Was that you at Santa Rosa Shooting Center yesterday sighting in the muzzleloader? If so, I was next to you with the lever action before the storm came in.


----------



## Fig Newton (Oct 4, 2010)

Yeah, that was me at the santa rosa shooting range yesterday. Those aerolites shot good but read bad performqnce reviews about them on the internet....no blood trails...etc...


----------



## timc (Oct 19, 2009)

Ever get a good grouping out of it?


----------



## Cracker (May 15, 2012)

Shockwave


----------



## VA Boy (Feb 19, 2012)

Powerbelt hollow point, .45 cal, 145 gr. Flew right through with nice exit wound. Deer dropped within 40 yds. Bullet not recovered so I can't speak about expansion. I know several dont care for Powerbelts, but after the struggle with and then miserable performance of sabots, I switched. Shot T/C Maxihunters for the longest time. Had great success with those. Tried the Powerbelts. They loaded easy, grouped out to 100 yds and performed well on deer.


----------



## Fig Newton (Oct 4, 2010)

The powerbelt aerolites grouped 1" @50 yards and about 3"@100 yards. I am going to try out the hornady sst 250 grain this Friday.
Thanks for all the feedback.


----------



## baldona523 (Mar 2, 2008)

I shoot Hornady 300 Gr .452 XTP, they also make it in 250s. I buy the Sabots from MMP online, but I also shoot a Savage muzzleloader with smokeless powder. Just remember that more powder means faster but not always more accurate. 
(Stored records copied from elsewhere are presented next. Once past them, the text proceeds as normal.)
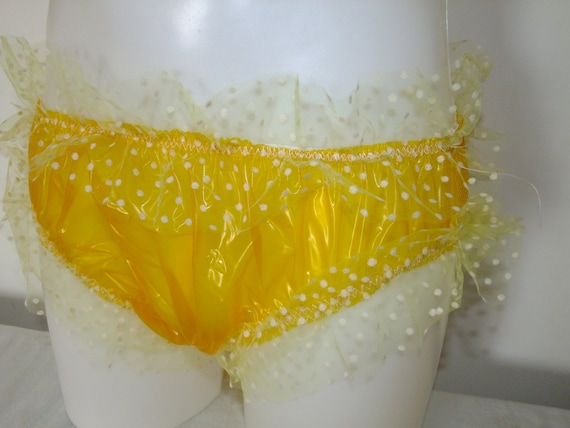 Sissy PVC Pants Frilly Plastic Panties Knickers Underwear Vinyl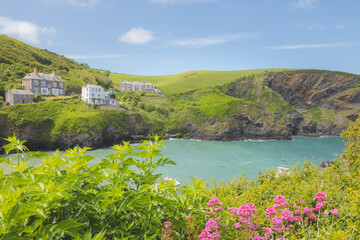 Quaint, picturesque, seaside village of Port Isaac on a sunny summer day in North Cornwall,...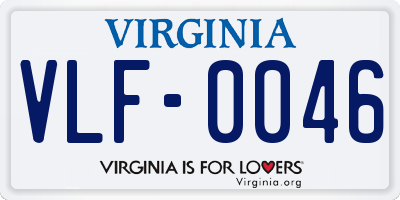 VA license plate VLF0046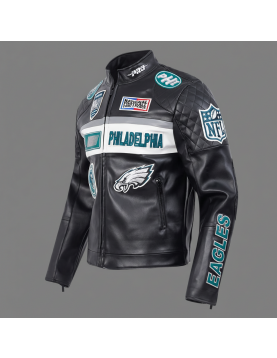 Philadelphia Eagles Men's Black Leather Moto Racing Jacket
Blood is not an accurate determination of a good bullet to me, just way too many variables and guys will switch bullets after little blood after 1 or 2 deer. If you double lung a deer with a 250 gr+ bullet it is not going far.


----------



## Tippin Slow (Nov 21, 2007)

I like to do a very good cleaning between every shot. Accuracy requires consistent barrel conditions with muzzleloaders. The 250gr Hornady SST on top of two triple7's works well for me. (I think the Shockwave is the same bullet as the Hornady SST)


----------



## Fig Newton (Oct 4, 2010)

Keep the suggestions coming.


----------



## baldona523 (Mar 2, 2008)

I don't know for certain, but I am pretty sure that Hornady and one or 2 other companies make most of the bullets and they are just repackaged under different names. If you look a lot of them look identical with just different colored tips and what not. 

Some guns shoot better with bullets that are flat backed, others with bullets that are boat tailed. I would recommend to at least shoot both shapes out of your gun.

I agree with above, you really need to clean your bore after every shot and certainly after every 2 shots. I think most muzzleloader bullets are made similar to pistol bullets in that it takes less energy to mushroom them. Therefore 2 pellets at 150 yards is plenty of momentum for the bullet to effectively do its job. The 3 pellet thing is only for speed, which again is great if it is accurate. But not a necessity by any means if it hurts your accuracy.


----------



## Fig Newton (Oct 4, 2010)

Thanks everbody.


----------